An Ash of War usually does two jobs at once. First, it replaces your weapon's default skill with a new active ability. Second, it often unlocks an affinity that changes the weapon's scaling, whether that's Heavy, Keen, Quality, or an elemental option like Magic, Sacred, Fire, or Cold.

That second part matters more than many players expect. Some Ashes are mostly about the skill itself, but others are just as valuable because of the affinity they open up. A few are only skill swaps and do not change scaling at all, so it is always worth checking the affinity options before you confirm.

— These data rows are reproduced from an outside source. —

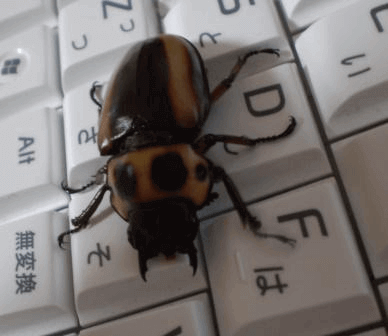 メリーメンガタクワガタ　カメルーンＦ4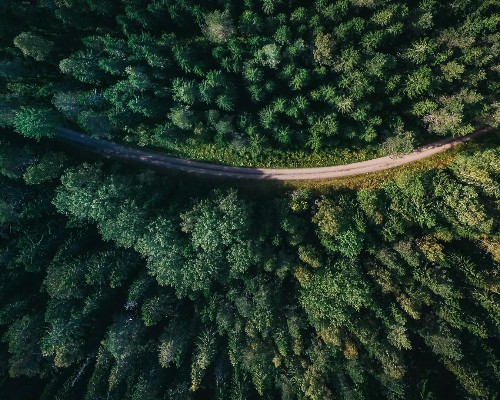 Birds eye view of a Forest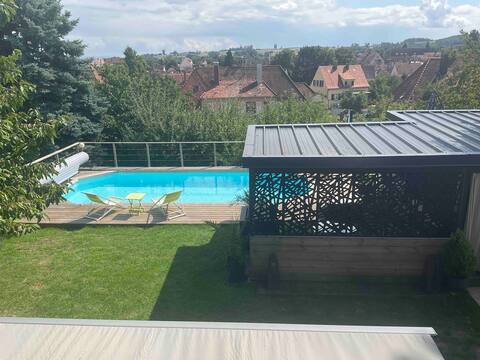 In Alsace, home with pool, jacuzzi and sauna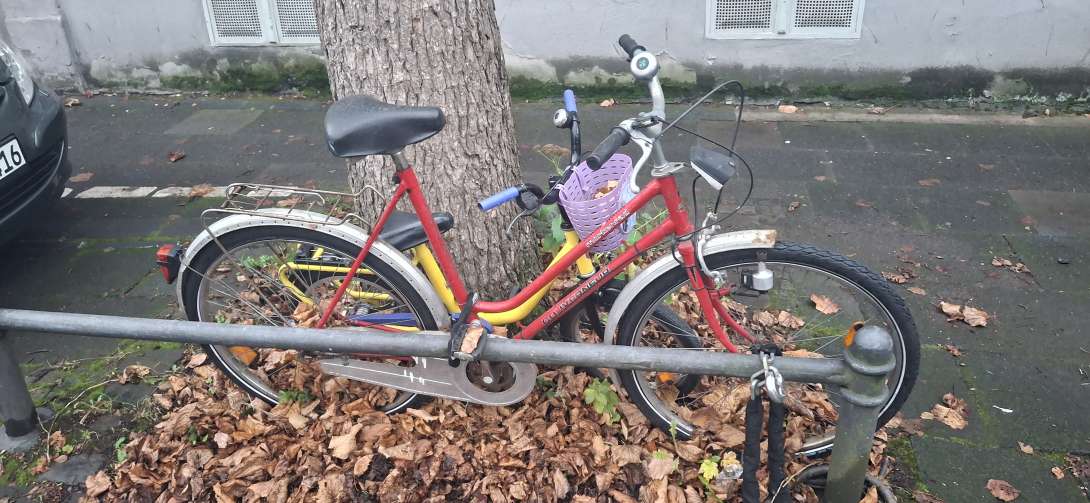 Bild zu gemeldetem Anliegen vom *2025-11-29 09:35:03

The big restriction is weapon type. Most regular weapons upgraded with standard Smithing Stones can take compatible Ashes of War. Unique weapons upgraded with Somber Smithing Stones usually cannot be changed at all, because their skills are locked in place. Bloodhound's Fang and Moonveil are classic examples. If the equipment screen shows a fixed skill and gives you no way to swap it, that weapon is in the somber category.

This is why a plain Longsword is often more flexible than a flashy boss weapon. It may not look as exciting on paper, but it can take a wide range of Ashes and affinities, which gives you way more room to tune it around your build.

A simple example is Unsheathe on a katana. You keep the katana's fast moveset, but your opener changes completely. Instead of relying on a basic approach attack, you get a draw strike that can punish bosses harder and deal serious stance damage. That is the kind of change that affects how you actually play, not just what number shows up in the menu.

Also, not every Ash of War is there to increase raw damage. Some are picked for mobility, like Bloodhound's Step. Others are useful because they build status quickly or hit poise hard enough to create stagger windows. If you treat every new Ash as a straight damage upgrade, you are going to make some bad swaps early on.

How to Use Ash of War Elden Ring

Once you have the required item, the actual process is simple. Rest at a Site of Grace, open the menu, and choose "Ashes of War." From there, pick a compatible weapon, select the Ash you want, then confirm the skill and affinity combination.

Before you lock it in, check the preview numbers. Seriously. The game shows you what your damage is about to become, and that quick glance can save you from turning a solid setup into a weaker one.

The item that unlocks this menu is the Whetstone Knife, and you can find it in a chest at Gatefront Ruins in Limgrave. If you skipped that area and rushed ahead, the missing menu is probably not a bug. You just do not have the knife yet. Once you grab it, you unlock the basic Ashes of War system along with the starting affinity options.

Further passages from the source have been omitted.